Why Make Games?
Ben Sawyer, co-director of the Serious Games Initiative, challenged the audience—do they really need to create a game at all?
Far from attempting to dissuade organizations from using games to spread a message or create change, Sawyer simply advised these groups to examine whether the best way to
use games is really to make one—when, in fact, so much under-explored potential to reach new audiences lies in metagaming, or the idea of piggybacking extended resources on games that may already exist.
“Commercializing serious content won’t work by creating a [single] game,” he said. “I think we’ll have to look at ways that we can push, prod, join and collaborate with existing commercial development to think about ways that we can include social messaging and other types of hooks into things we’re already doing, instead of recreating an entire industry from scratch.”
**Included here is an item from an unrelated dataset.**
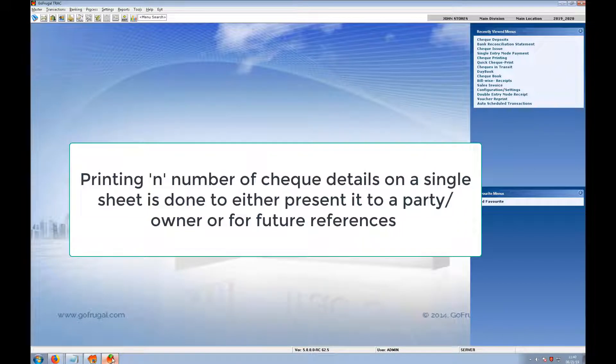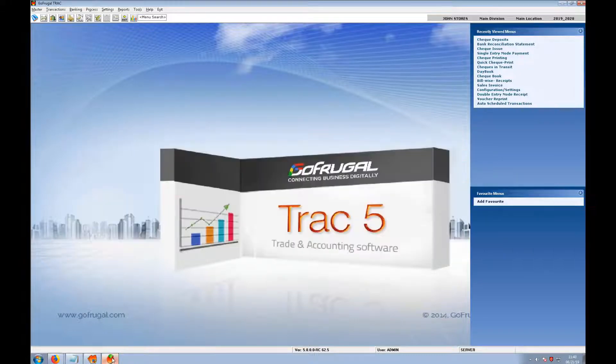Hi! In this video, I will explain how to take a print of checks for reference in a single sheet. This type of printing is done for future references.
As an example, Sawyer highlighted how groups in favor of the philosophy of Intelligent Design could wage a PR campaign concurrent to the release of Spore, and use the
audience’s interest in the game’s mechanic as a way to pitch the idea of Intelligent Design to a new audience. Thereby, doesn’t a game like Spore—ostensibly not created with any overt social agenda—become a game for change, using gaming to foster new loyalty to an idea? “I guarantee you it will happen,” Sawyer promised.
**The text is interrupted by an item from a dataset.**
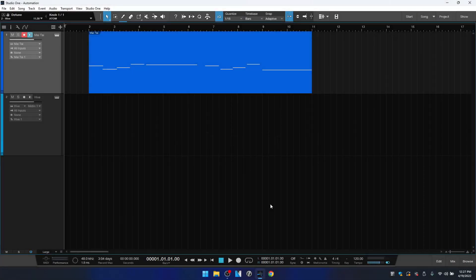Automation within Studio One is super simple to get done and record. And you also have a lot of creative tools to come up with really rich and complex sounds at the same time. So we're going to start off with the simplest way to record your automation and on this first track here I have a Mai Tai loaded.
Nonprofits as well as activist organizations in the for-profit sector, therefore, are advised to broaden their perspective on serious games; Sawyer’s observed that
the definition of the genre often gets limited to the contextual perspective of whoever’s presenting a given title. A military organization who’s developed a training game and an academic organization who’s made a game for child education, for example, would each define the “serious games” concept in different ways.
Both are right, but both are also wrong—“we need to get off this kick,” Sawyer says. “We need to talk about how wide and deep this
can actually be.”
Sawyer also discussed both Penny Arcade’s Child’s Play charity and Ryan Sharpe’s Get Well Gamers as examples of the most successful marriages of games and social activism, having raised over a million dollars for quality-of-life programs for hospitalized children.
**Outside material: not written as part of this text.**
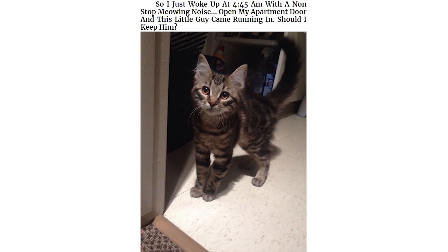So I just woke up at 4:45am with a non-stop meowing noise. Opened my apartment door and this little guy came running in. Should I keep him? He jumped in my car and wouldn't let me leave without him. I don't own a cat. Is this how you get a cat?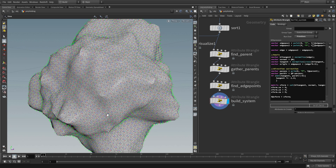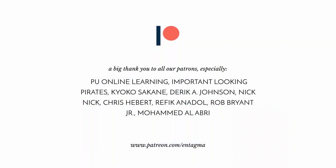That is the most important part of the entire effect. But to reach our final goal of curling and splitting everything up, there are still a lot of things to implement. The tutorial already runs more than 30 minutes, so let's wrap it up here, call this part one, and create part two very soon to show the rest. Give yourself a pause and stay tuned. And now it's time to really thank all our patrons, especially PU Online Learning, Important Looking Pirates, Kyoko Sakane, Derek A. Johnson, Nick Nick, Chris Iver, Rafik Anadol, Rob Bryant Jr., and Mohamed Alabri. Thank you so much for your continued support — without you, this wouldn't be possible.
Most notable is that both programs actually motivated donations from a constituency compelled to give simply because of gamer fellowship. It follows, then, that concerns
about the number of copies sold, or number of audience members reached, while common to the commercial market, might actually be less important for socially-conscious games. “In terms of changing people’s attitudes about things,” Sawyer noted, “it actually matters who plays the games. Let’s make a game that only ten people need to play—because it’s the right ten people and the right game.”
“We’re really only held back by ourselves,” Sawyer continues. “We’re having these religious discussions over whether people can learn from games—but we’re winning that argument already, and we’ll keep winning it as we keep making better games and better solutions.”
The conference itself serves as the best example of Sawyer’s message; the day’s earlier “Virtual Activism” panel was conducted in mixed-reality; that is,
simultaneously in Second Life as in the real-world conference room. Many attendees, laptops open, were literally in both places at once—using a game to exchange serious ideas.